The US Dollar is flat and under a bit of pressure from a risk-on market mood.

The door is open towards $94 with more headlines underway in the wake of the Adipec meeting.

Oil prices are recovering from the firm decline registered on Thursday and Friday. Crude briefly touched $94 before selling off nearly 4.5%. Energy ministers and the Oil industry are gathering for the biggest energy conference in the Middle East, which could become a key catalyst for Oil prices throughout the week.
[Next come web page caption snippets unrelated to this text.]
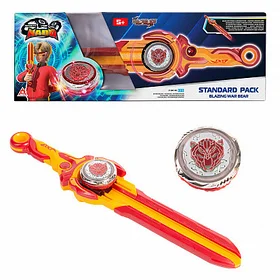 Инфинити Надо.Волчок Эпик Лончер Стандарт Blaz. Bear.TM Infinity Nado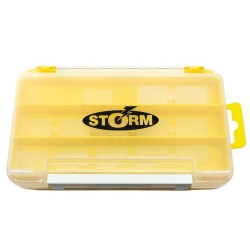 Storm Caja Organizadora Doble Acceso 16STORDFCC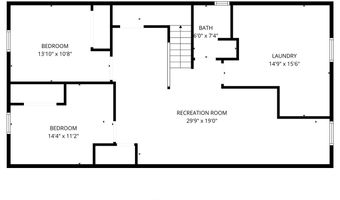 1001 Maquoketa St, Anamosa, IA 52202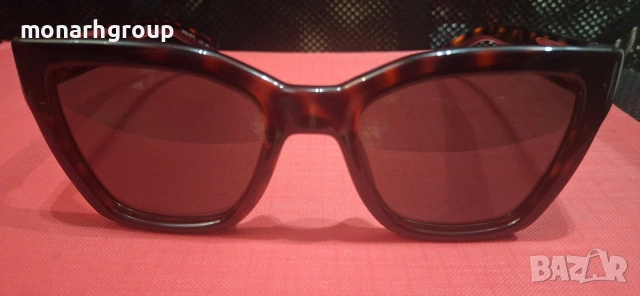 Слънчеви очила Saint Laurent SL 641 002, снимка 2 - Слънчеви и диоптрични очила - 54680135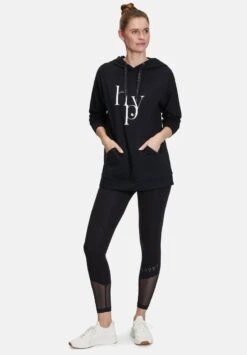 Betty Barclay Kapuzenpullover - Schwarz 9 Betty Barclay Kapuzenpullover - Schwarz -Betty Barclay Verkäufe e5f98e9f39854fc7a3b83c1629560694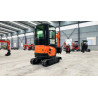 Minibagger SE-18-PRO 1.8T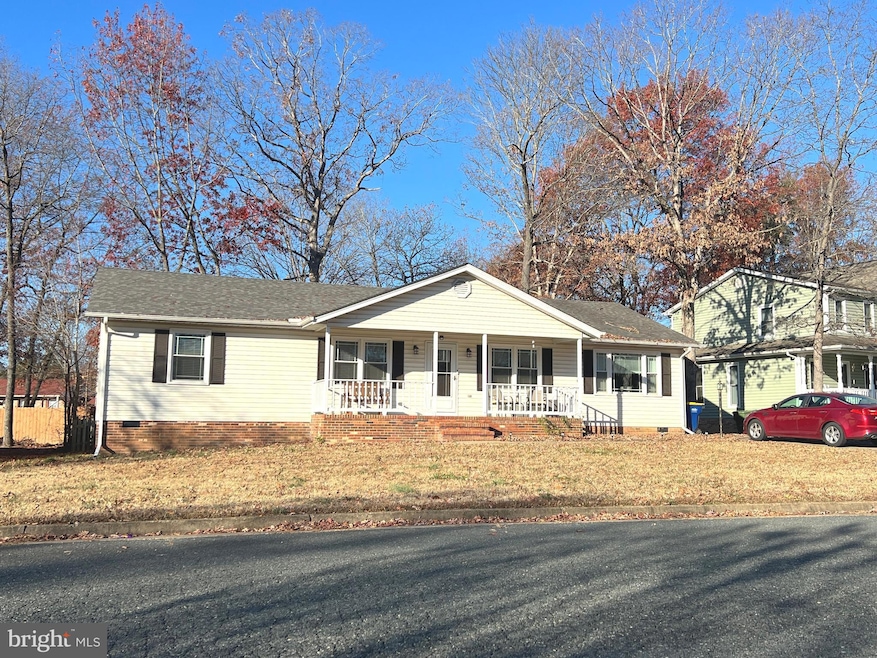 5063 Lavelle Dr, Fredericksburg, VA 22407 - photo 1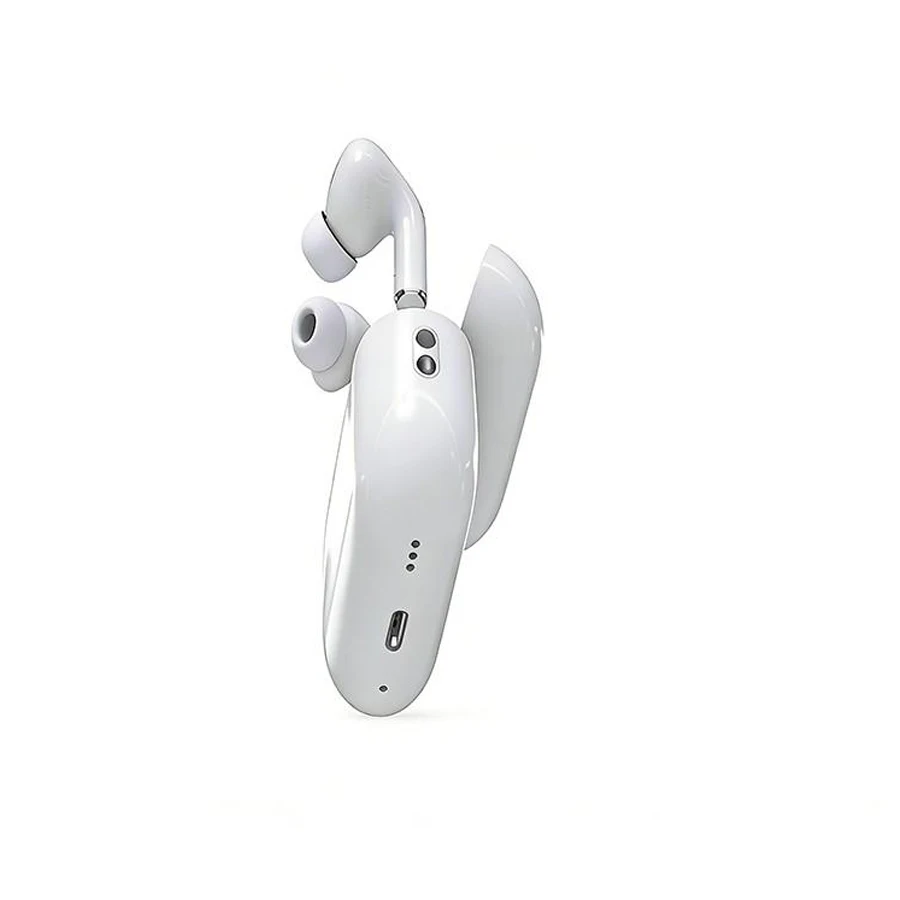 TWS Wireless Bluetooth Headphones - Sophisticated and Simple Design, Hi-Fi Sound Quality, Long Battery Life, Multiple Functions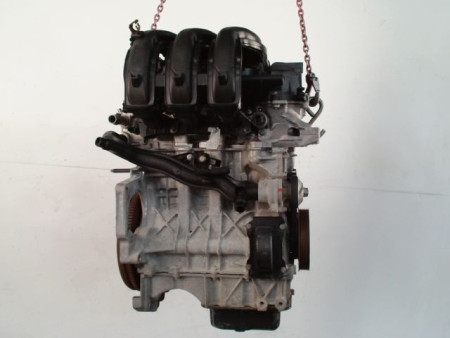 MOTEUR ESSENCE PEUGEOT 208 Phase 1 2012-... 1.2 VTI 82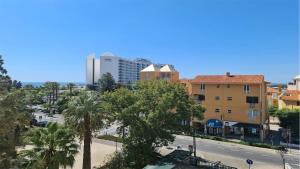 Maria Flat CleverDetails 245, Sleeps 2 adults, 2 children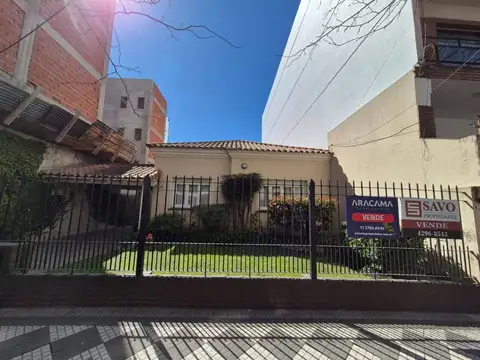 Lote en Venta en Monte Grande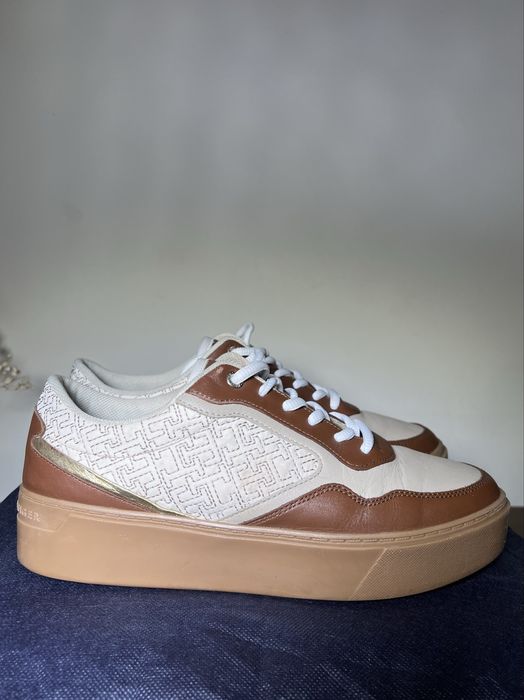 Кросівки жіночі Tommy Hilfiger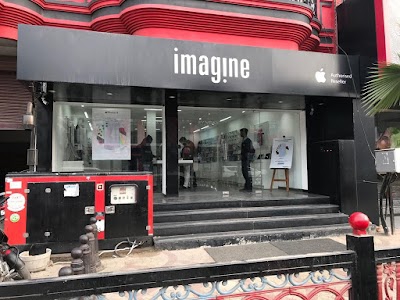 [Apple Authorized Reseller] Imagine | Civil Lines Allahabad/Prayagraj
The US Dollar (USD) did not get much time to enjoy the party over its eleventh straight week of gains. It was a close call last week, with the US Dollar Index (DXY) locking in gains in the last few trading hours. The US government shutdown might be solved for now, but the US Congress pushed the budget showdown to November, kicking the can down the road for roughly six weeks as in mid-November the US Treasury will once again run out of funds.


Crude Oil (WTI) trades at $90.26 per barrel, and Brent Oil trades at $92.17 per barrel at the time of writing. 


Oil news and market movers

The annual Adipec summit is to take place in Abu Dhabi this week, with all important ministers and Oil producers in the Middle-East joining. 

In the wake of the start of the Adipec Summit, the United Arab Emirates (UAE) energy minister  Suhail al Mazrouei said that OPEC has the right policy in place to deal with current market conditions.

The crude Oil pipeline running from the Kurdistan region in Iraq to the Mediterranean coast of Turkey will resume operations this week, Turkish Energy Minister Alparslan Bayraktar said.

Eni, the Italian energy company, and its CEO Claudio Descalzi said in a Bloomberg interview that more OPEC production cuts are highly unlikely and that the worst is over. 

Oil Technical Analysis: $94 emerges as nearby target

Oil prices are recovering after the firm price decline  recorded on Thursday and Friday. The fact that the sell-off gets halted that quickly means that traders and market participants are still buying the dip. This should see Crude  pushing back up to $94 soon. 


On the upside, the double top from October and November of last year at $93.12 remains the level to beat. Although it got breached on Thursday, the level never got a daily close above it. Should $93.12 be taken out, look for $97.11, the high of August 2022.


On the downside, a new floor is formed near $88 with the high of September 5 and 11 underpinning the current price action. Proof of this already exists with the dip of September 13 and September 21, which reversed ahead of $88. Should $88 break , the peak of August 10 needs to be enough to catch the dip near $84.20.